表題番号:1997A-508 日付:2002/02/25
研究課題民事保全法と仮処分解放金
研究者所属(当時) 資格 氏名
(代表者) 法学部 教授 栂 善夫
研究成果概要
仮差押えは、金銭債権の保全方法であるから、旧法以来、債権者の利益を害さずに債務者の保護を図る方法として、金銭債権に相当する金銭の供託により仮差押解放金の制度が認められ、仮差押解放金額は、仮差押命令の必要的記載事項となっている。これに対して、仮処分は個別的給付の実現を目的とし、金銭債権の保全を目的とするものではないから、解放金制度になじまず、いわゆる仮処分解放金なるものが認められるか争いがあったが、実務では、被保全権利が金銭的補償を得ることによってその目的を達しうる場合など特別事情があるときは、仮処分命令中に債務者が供託すべき解放金額を記載しうるとしていた。
 民事保全法は、明文の規定をもって、「保全する権利が金銭の支払を受けることをもってその行使の目的を達することができるものであるときに限」って、仮処分にも解放金を付すことができる場合のあることを認めた(25条参照)。
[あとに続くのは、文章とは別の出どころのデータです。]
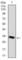 Thrombopoietin antibody, abx011134, Abbexa, Western Blot image 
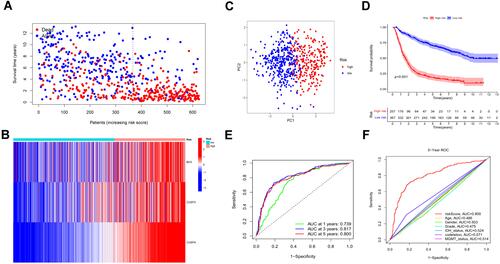 Figure 4 Validation of the prognostic model in the CGGA cohort. (A and B) Survival status and the expression of three risk genes of patients between low and high-risk groups. (C) PCA showed the distribution of primary gliomas in the CGGA cohort. (D) KM survival curve of overall survival in the testing set. (E) Time-dependent ROC curve and AUC values for estimating the efficiency of the risk model at 1-, 3-, 5-year. (F) ROC curve of risk score and other indicators at 5 years in the testing set.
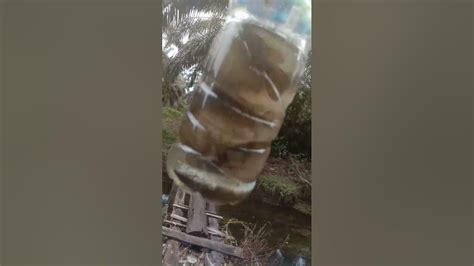 Vlog Mancing Viral Ikan Dimasukan Di Dalam Botol Aqua Minum 😁😂 Youtube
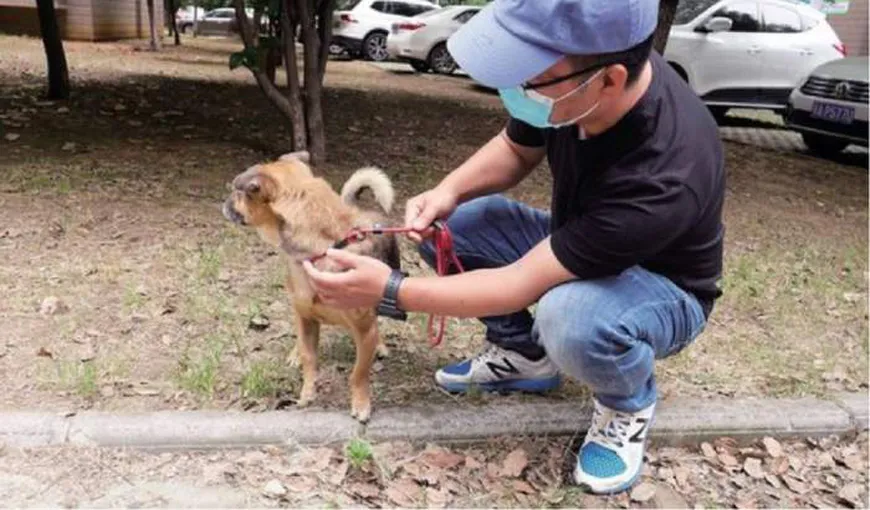 Un câine şi-a aşteptat timp de trei luni stăpânul decedat în urma infecţiei cu coronavirus. „Nu a părăsit niciodată spitalul”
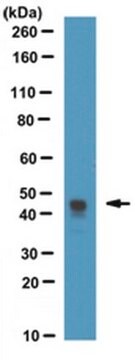 Anti-HSV-Tag&#174; Antibody, clone HSV 78 clone HSV 78, from mouse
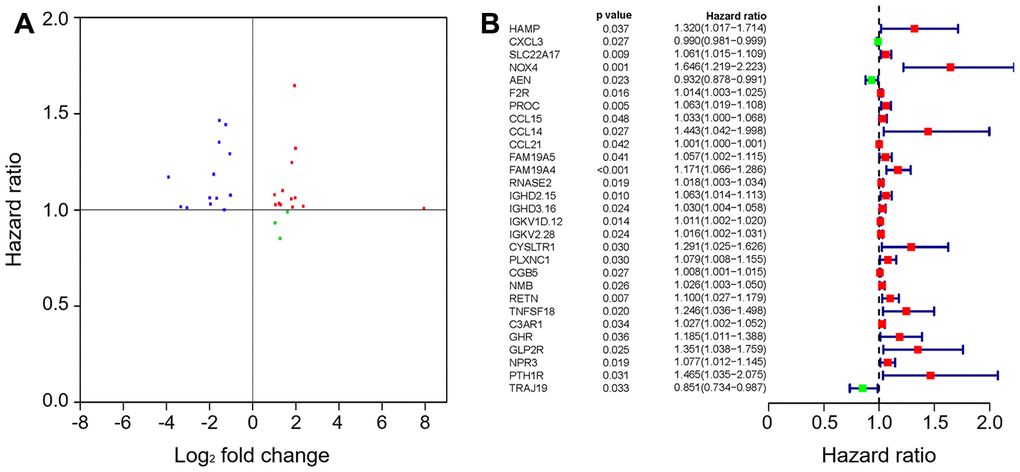 The hub IRGs in the gastric cancer cohort. (A) Identification of hub genes. (B) Prognostic value of hub genes.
それでは、これでもう問題はないのか、問題があるとすればどのような点かを整理しておくことは意義のあることであろうと研究を続けてきた。
 仮処分解放金の問題点としては、仮処分命令に記載された解放金の性質、仮処分解放金の要件、解放金額の決定基準、解放金の供託者・供託物、解放金供託による仮処分の執行停止・取消方法、解放金に対する債権者の権利行使方法などの問題があり、いくつかの点について、立法的に解決している部分もあるが、依然として多くの点で問題がなお残っていることが明らかとなった。